Ceux qui connaissent le refuge Albert 1er. savent que les courses qui en partent débutent par un raidillon dans un éboulis très pentu.
Pierre, notre premier de cordée, ce matin là, le déboula d’un coup. Mauvaise chute. Fracture d’une cheville. Pour lui, la course s’arrêtait là. Il eu juste le temps de me dire : « tu prends la place de premier de cordée ».
Ce cri, dans l’aube naissante, me frappa l’esprit. Ce serait la première fois, & même si l’ascension de l’Envers des Aiguilles n’était plus, pour moi, une première, j’imaginais déjà la pente très raide, glacée. Grand élan de 500 mètres qui se hisse vers le col sous les aiguilles. Toute les difficultés seraient là. Tout, ou presque, reposait sur la vigilance du premier de cordée. Sur sa vigilance, sa rapidité à réagir. Sur son sens de la neige en haute montagne. Choisir où mettre ses crampons, planter son piolet. C’était un art fait de technicité & de sang froid.
Ma place dans la cordée avait toujours été en deux ou trois, m’appliquant à mettre mes pas dans ceux de Pierre, & veiller à une bonne tension de la corde devant & derrière, ni trop tendue, ni trop lâche. Le premier, & aussi de moindre manière le dernier de cordée, assure celle-ci. Si l’un de nous dévisse, le premier bloque la chute, aidé des autres ; mais si le premier se trompe dans son choix, toute la cordée risque de partir avec lui, sauf si le dernier parvient à tout retenir.

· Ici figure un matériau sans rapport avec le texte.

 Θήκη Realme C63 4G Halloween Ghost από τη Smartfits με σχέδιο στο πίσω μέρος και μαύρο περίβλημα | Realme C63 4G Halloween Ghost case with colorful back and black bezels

Avec toutes ces pensées nous reprîmes la course, donc moi en tête, Nathalie derrière, & Lucien pour boucler la cordée. Cordée de 3, cordée idéale disent les guides. Nos lampes frontales piquaient l’air glacé de leurs faisceaux zigzagants , quand nous abordâmes la pente sous le col. Devant nous la glace vive scintillait sous les étoiles & moi la tête dans mes pieds, les muscles tendus, je commençais à cramponner précisément. Derrière moi, les souffles rapides & longs des deux autres de la cordée me rappelaient que c’était moi le premier.